All experimental procedures were approved by the Dartmouth College Institutional Review Board, and informed, written consent was obtained from all subjects before participating in the experiment.
Experiments 1 and 2
In these experiments, subjects completed two sessions (each composed of 768 trials and lasting approximately one hour) of a choice task during which they selected between a pair of objects on each trial (Fig 1A). Subjects were asked to choose between objects that differed in color and shape (red triangle, blue triangle, red square, blue square) and to select the object that was more likely to provide a reward in order to maximize the total number of reward points.
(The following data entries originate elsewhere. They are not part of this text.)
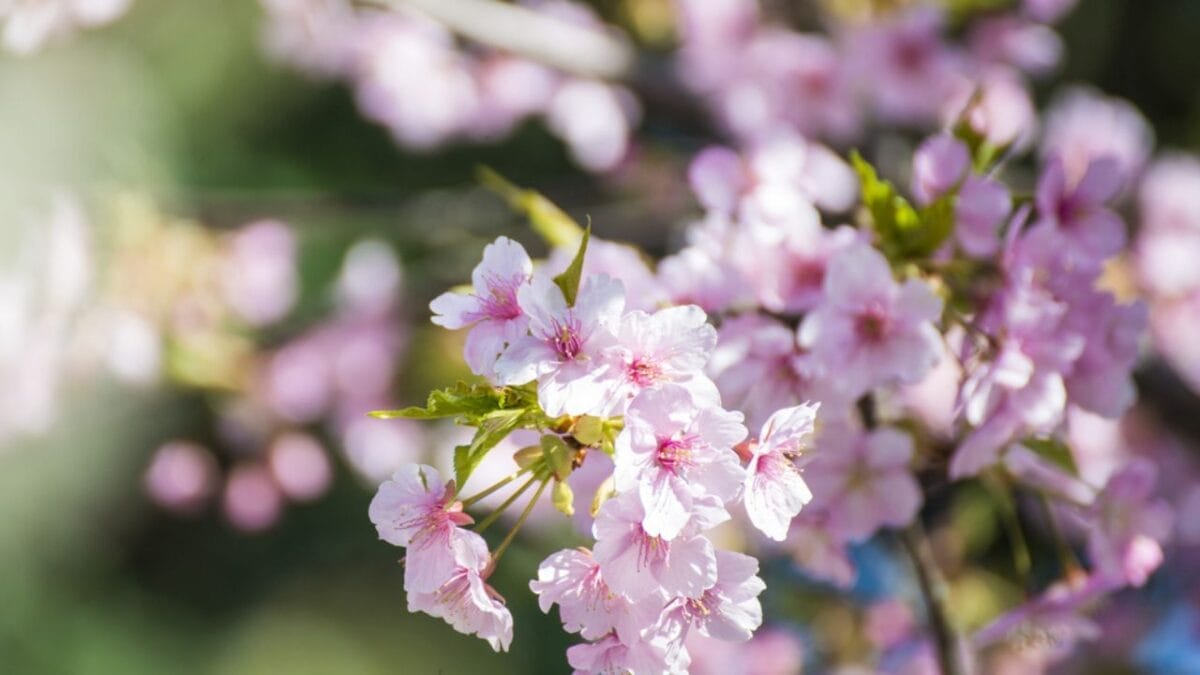 20 Elegant Pink Flowers You Need in Your Garden for That Timeless Touch 11 20 Elegant Pink Flowers You Need in Your Garden for That Timeless Touch - Flowering Almond ss409931593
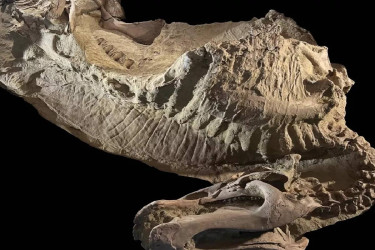 Scientists uncover rare dinosaur “mummies,” offering new insights into prehistoric life
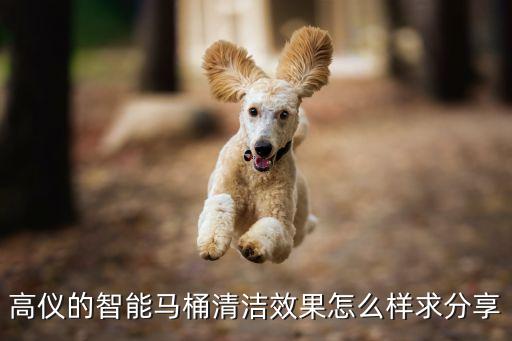 高儀的智能馬桶清潔效果怎么樣求分享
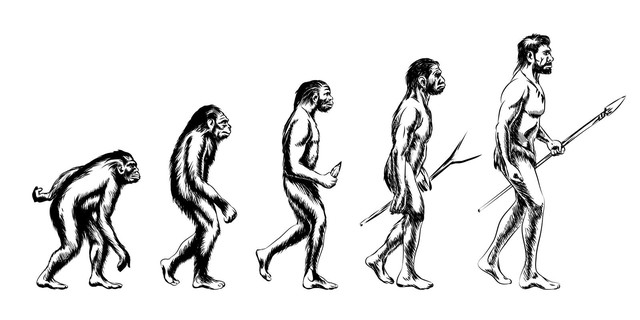 
Thuyết tiến hóa của Darwin vẫn gây ra tranh luận cho nhiều người
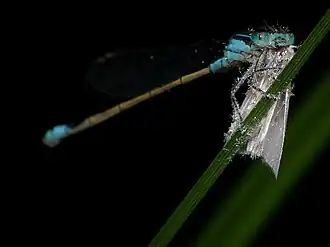 Pseudagrion microcephalum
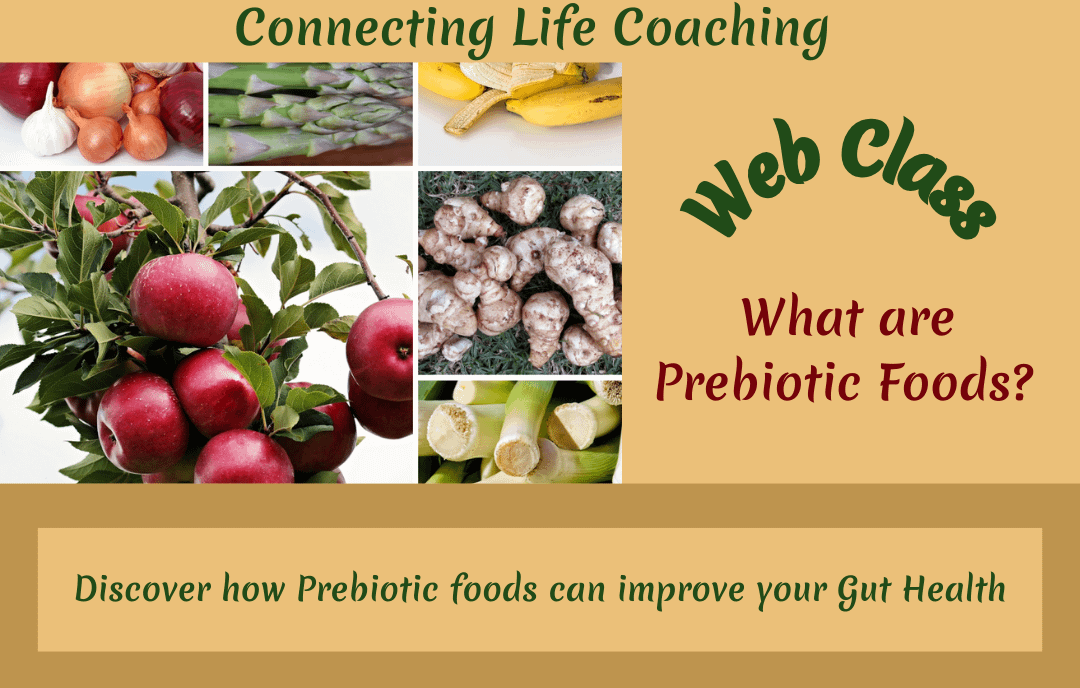 What are Prebiotic Foods? 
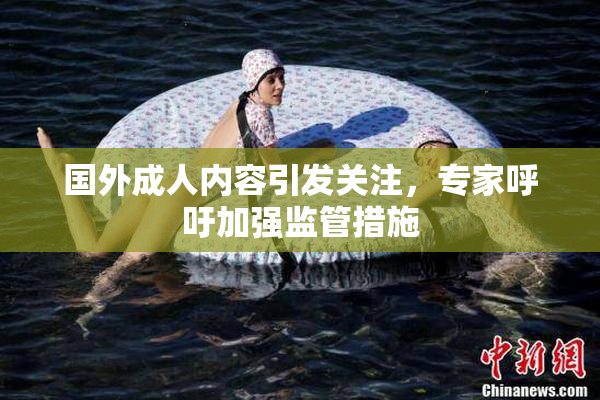 国外成人内容引发关注，专家呼吁加强监管措施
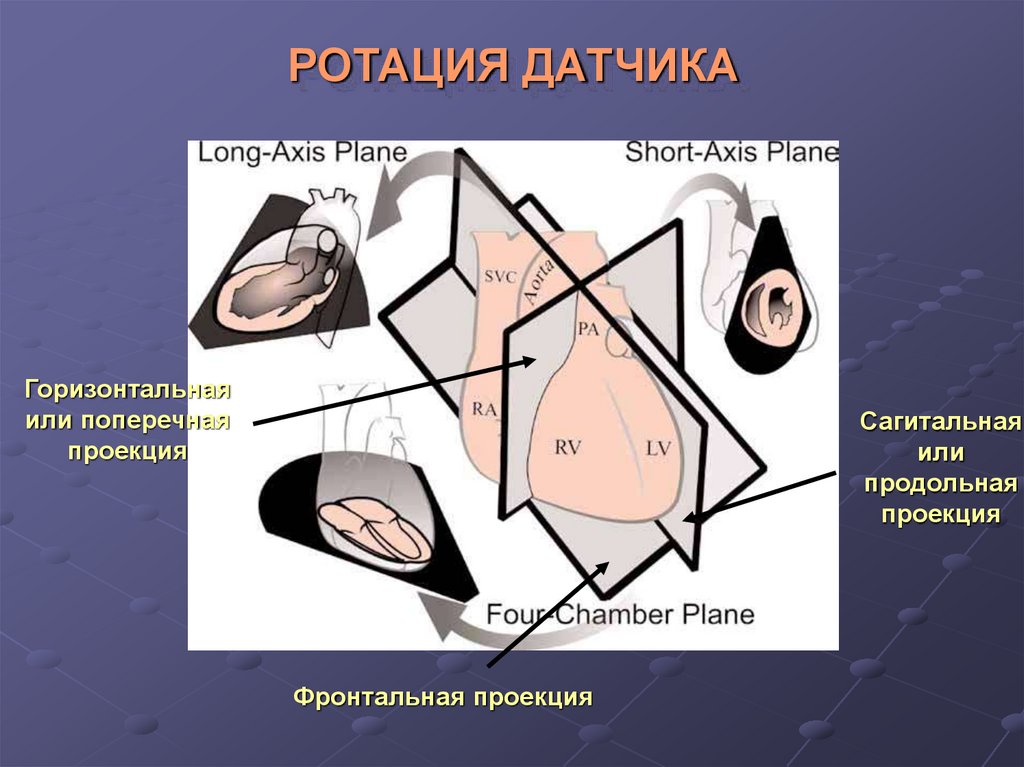 Режим Ротации В Вибраторе Это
During each trial, the selection of an object was rewarded independently of the reward probability of the other object. This reward schedule was fixed for a block of trials (block length, L = 48), after which it changed to another reward schedule without any signal to the subject. Sixteen different reward schedules were used; eight schedules consisted of generalizable rules for how combinations of features (color or shape) predicted objects’ reward probabilities, and the other eight lacked generalizable rules for how combinations of features predicted objects’ reward probabilities . Therefore, the main difference between Experiments 1 and 2 was that the environments in these experiments were composed of reward schedules with generalizable and non-generalizable rules, respectively. Critically, as the subjects moved between blocks of trials, reward probabilities were reversed in order to induce volatility in reward information throughout the task. On each block of the generalizable environment (Experiment 1), feature-based rules could be used to correctly predict reward throughout the task. In the non-generalizable environment (Experiment 2), however, the reward probability assigned to each object could not be determined based on the objects’ features (e.g. in a multiplicative fashion). More details about the reward schedules in Experiments 1 and 2 are provided elsewhere .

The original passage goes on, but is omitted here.